* Provided material:
------
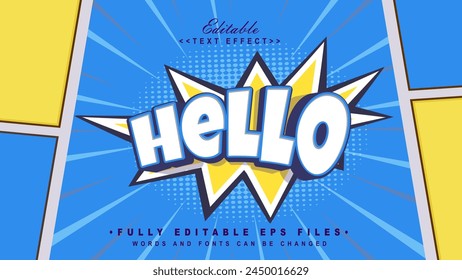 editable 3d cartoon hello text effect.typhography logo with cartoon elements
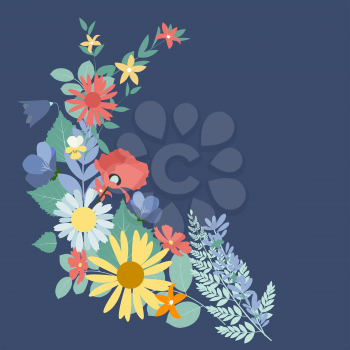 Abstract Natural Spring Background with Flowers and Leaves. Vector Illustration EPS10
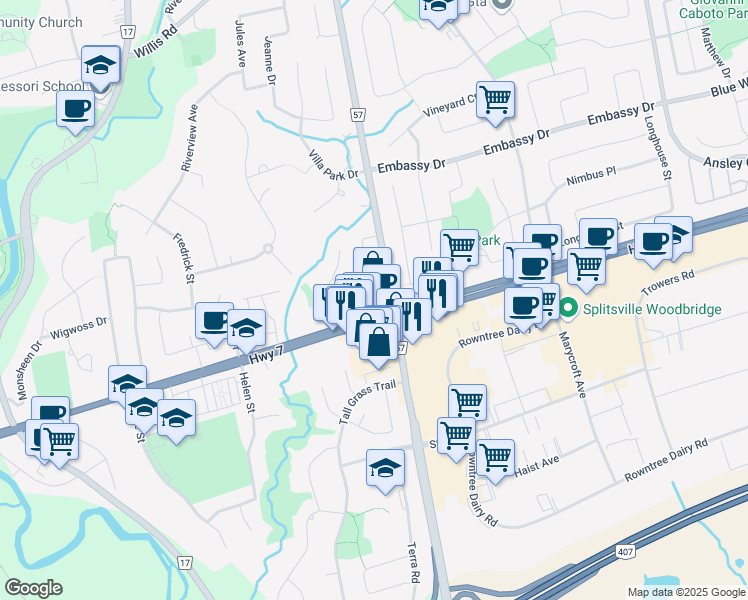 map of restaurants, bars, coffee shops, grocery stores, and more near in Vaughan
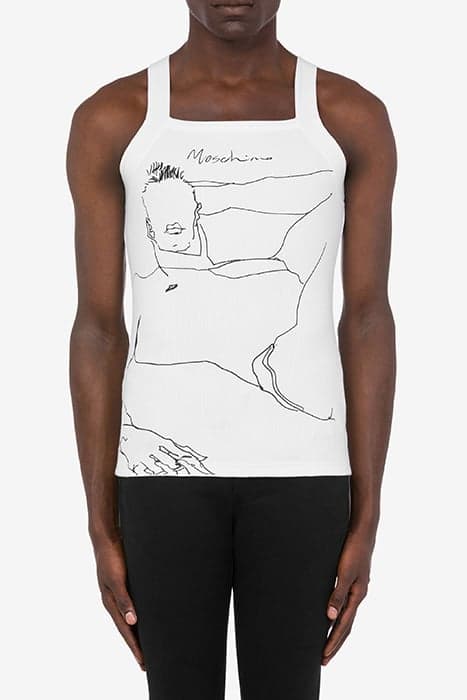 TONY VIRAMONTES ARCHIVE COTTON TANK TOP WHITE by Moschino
------
* Aim of the exercise: Strip the images and return the remaining data exactly.

* Answer to this task:
 editable 3d cartoon hello text effect.typhography logo with cartoon elements
 Abstract Natural Spring Background with Flowers and Leaves. Vector Illustration EPS10
 map of restaurants, bars, coffee shops, grocery stores, and more near in Vaughan
 TONY VIRAMONTES ARCHIVE COTTON TANK TOP WHITE by Moschino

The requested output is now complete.